Freddie Mac's first Primary Mortgage Market Survey for 2013 reported rates remained near record lows. According to the survey, the average rate for 30-year fixed-rate mortgage fell further the week ending January 3, dropping to 3.34 percent from 3.35 percent. Rates were notably down on an annual basis in 2012 when compared to 2011. When looking at the average from this time last year, the current rates are still significantly lower than 3.91 percent.
Another FRM alternative, the 15-year financing option, also posted declines from the week before. The average rate slipped from 2.65 percent to 2.64 percent, but this is still less than 3.23 percent from this time a year ago. While higher monthly payments may not seem appealing to buyers or those looking to refinance, saving money on interest over time can help achieve other financial goals.
ARMs still increasing, improvements still to come
Adjustable-rate mortgages allow homeowners to pay off their property quickly, though the interest rate paid throughout the duration of the loan is dependent on the state of the market. With housing market factors on the rise, the average rate for 5-year ARMs posted a gain from the previous week, increasing to 2.71 percent from 2.7 percent recorded in the final week of December.
Vice president and chief economist of Freddie Mac Frank Nothaft noted that high affordability offered by low mortgage rates will continue to make homeownership a realistic goal for many Americans in combination with stabilization after the recession.

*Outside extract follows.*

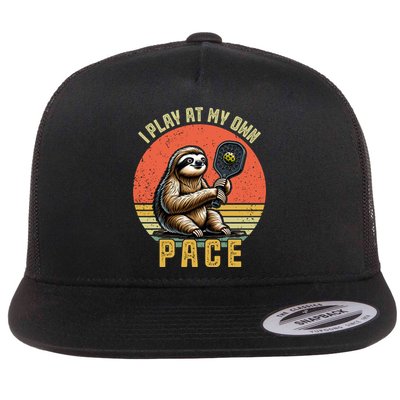 Funny Sloth Pickleball Player And Paddleball Gift Flatbill Hat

"Mortgage rates started the year near record lows which should continue to aid the ongoing housing recovery," said Nothaft. "New home sales rose in November to a two-year high and were up 15.3 percent from the previous November. Similarly, pending sales on existing homes increased for the third month in November to the strongest pace since April 2010."
While some consumers may be concerned with the shadow market, a new report from CoreLogic revealed inventory of these soon-to-be foreclosed houses reduced 12.3 percent from October 2011 to October 2012, indicating a more manageable and predictable outcome for the new year.